The decision reflects an effort by authorities to restrain consumer prices after they came in hotter than expected in the first three months of this year. The RBA raised interest rates 13 times between May 2022 and November 2023 to 4.35%, its most aggressive tightening campaign in a generation.
Monday’s 3.75% increase is lower than the first-quarter Wage Price Index reading of 4.1% and in line with the 3.5-4% increase that economists had anticipated. It’s just above headline CPI of 3.6% and compares with the government’s declared aim that “real wages of Australia’s low-paid workers do not go backwards.”
The decision “supports our view that wage-sensitive services inflation should ease over 2H 2024,” economists at Goldman Sachs Group Inc. wrote in a note. “We continue to expect the RBA to commence a gradual easing cycle in November 2024.”

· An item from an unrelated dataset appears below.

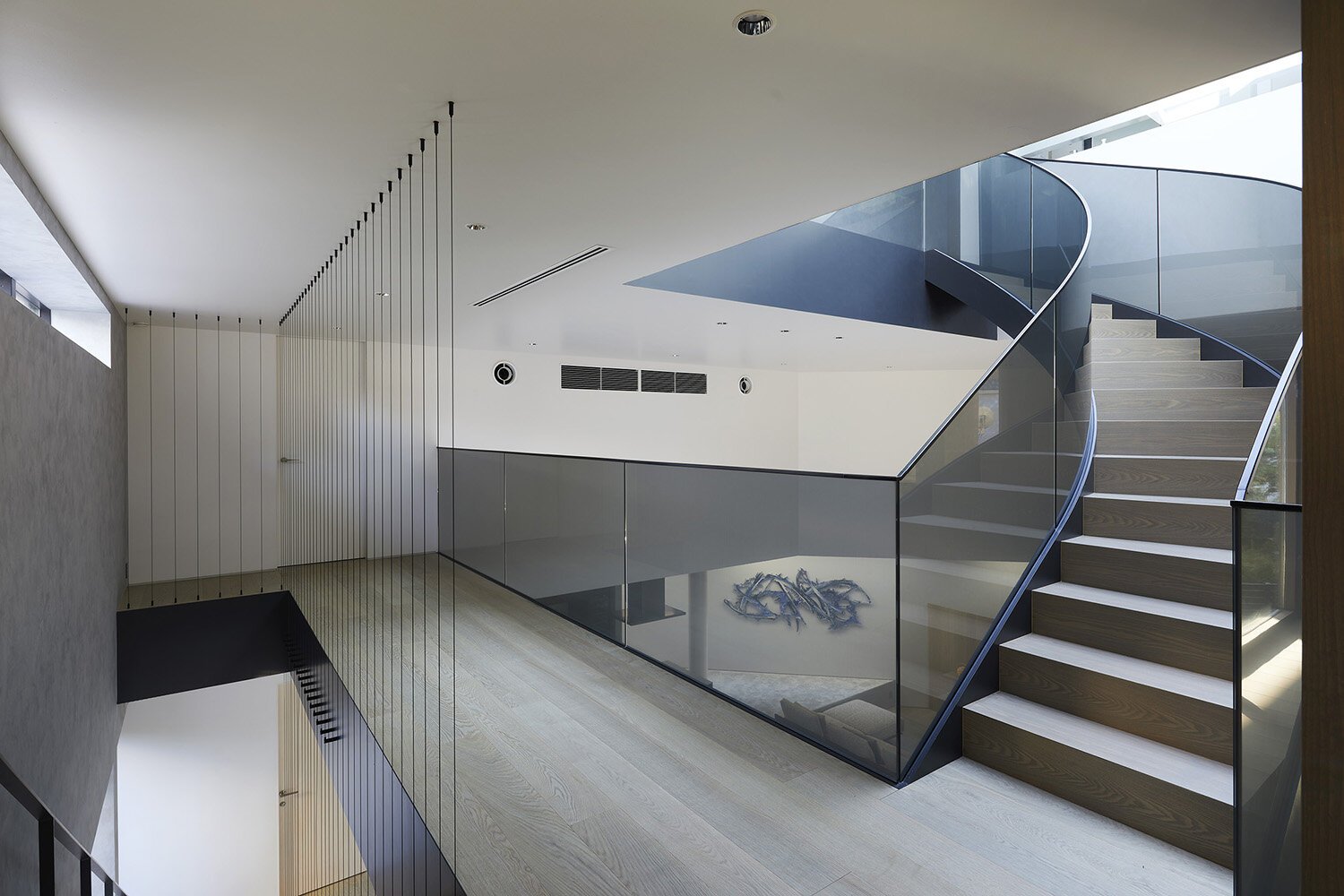  建築家 sinatoシナトの大野力が設計した住宅Shoto S。2階のインテリア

Citigroup Inc. reckons the outcome “will diffuse near-term hawkish bias,” predicting the RBA will stand pat for the rest of this year.
“Wages growth is still elevated given that productivity growth is stagnant, and it suggests that we will likely see a period of sticky wages and inflation outside the RBA’s target band,” Citi’s Faraz Syed said. “Thus we don’t see any near-term dovish risks either.”
Hatcher said the FWC took “into account that modern-award-reliant employees will shortly receive the benefit of the Stage 3 tax cuts and the budget cost-of-living measures, which are projected to increase real household disposable incomes over the next 12 months.”
The annual review is conducted by a panel of experts who set the minimum wage each fiscal year based on submissions from employer groups, unions and governments. Today’s decision directly affects about 2.6 million workers, or 20.7% of the labor force, Hatcher said.
(Adds comments from economists in sixth to eighth paragraphs.)